Problem description: Word-for-word repetition of the records below is needed, but only from the line holding "Karate Shoukoushi Kohinata Minoru 441 1" through the final line, with pictures excluded.

Short descriptive text snippets:
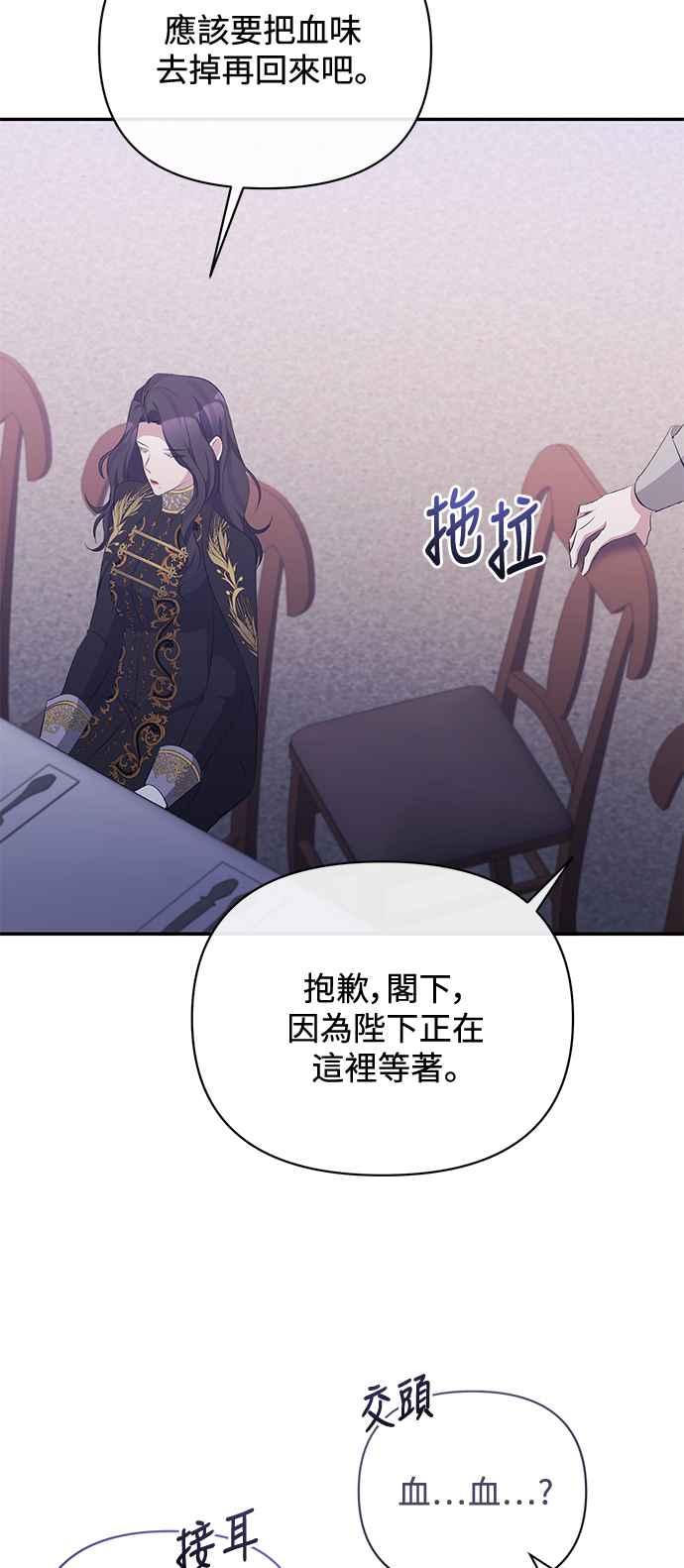 第30话-北部大公竟然是幕后黑手-Marucomics（第8张）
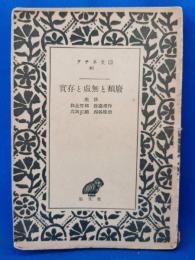 實存と虚無と頽廢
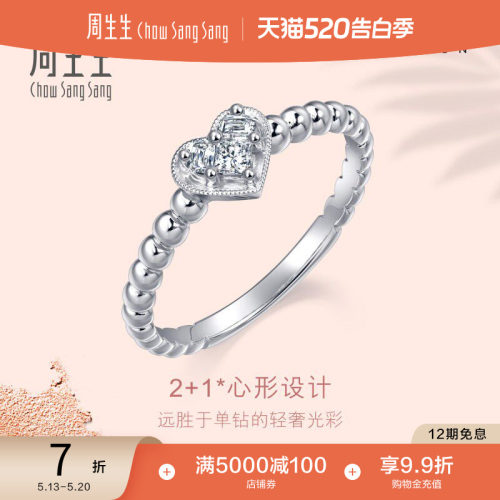18k钻石戒指周生生LadyHeart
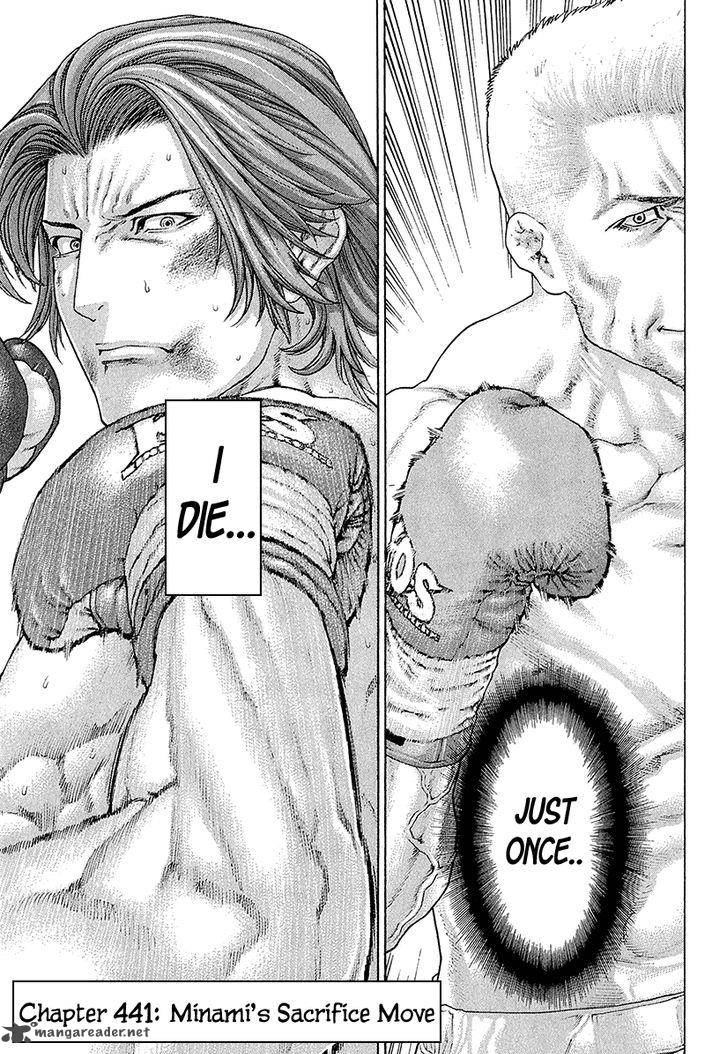 Karate Shoukoushi Kohinata Minoru 441 1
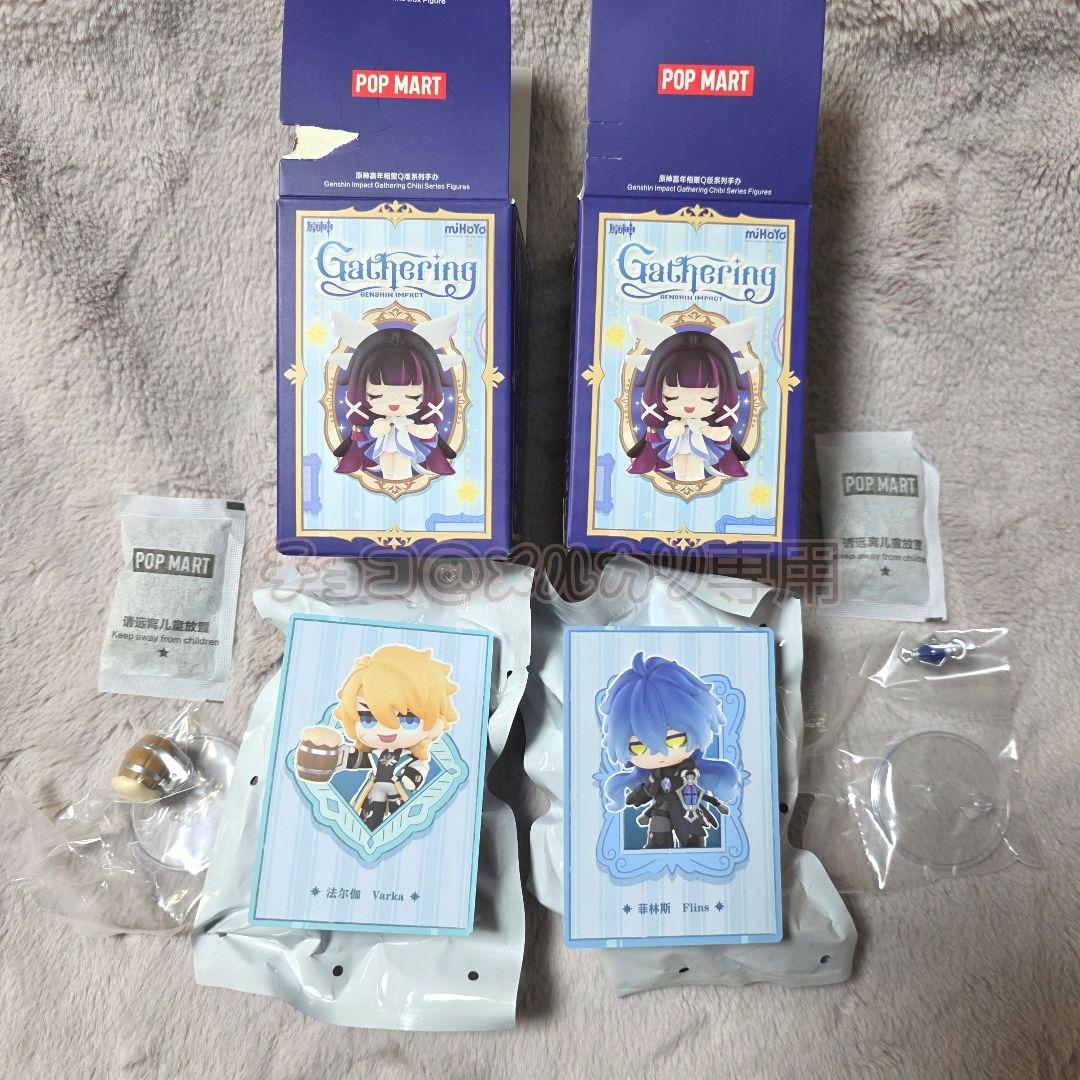 POPMART 原神 Gathering フィギュア フリンズ ファルカ - メルカリ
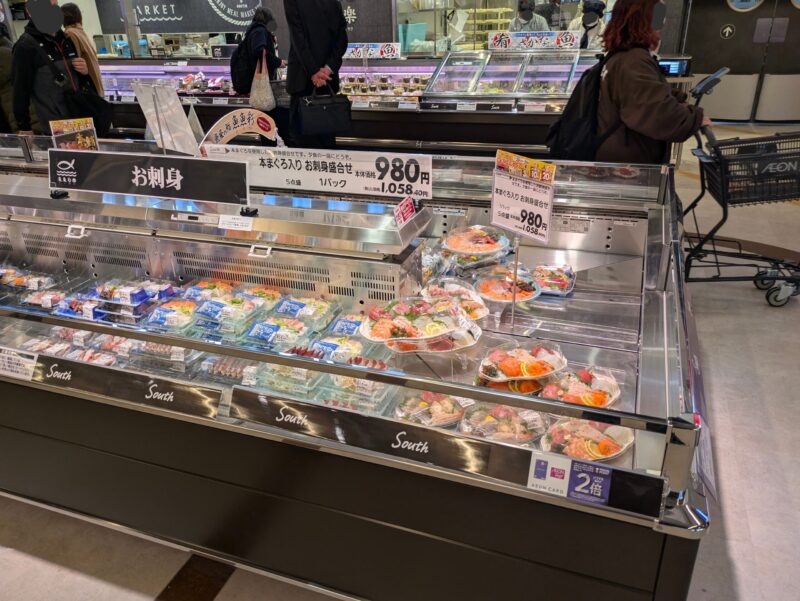 津田沼のスーパー比較　イオンモール津田沼サウス　鮮魚コーナー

Task response:
 Karate Shoukoushi Kohinata Minoru 441 1
 POPMART 原神 Gathering フィギュア フリンズ ファルカ - メルカリ
 津田沼のスーパー比較　イオンモール津田沼サウス　鮮魚コーナー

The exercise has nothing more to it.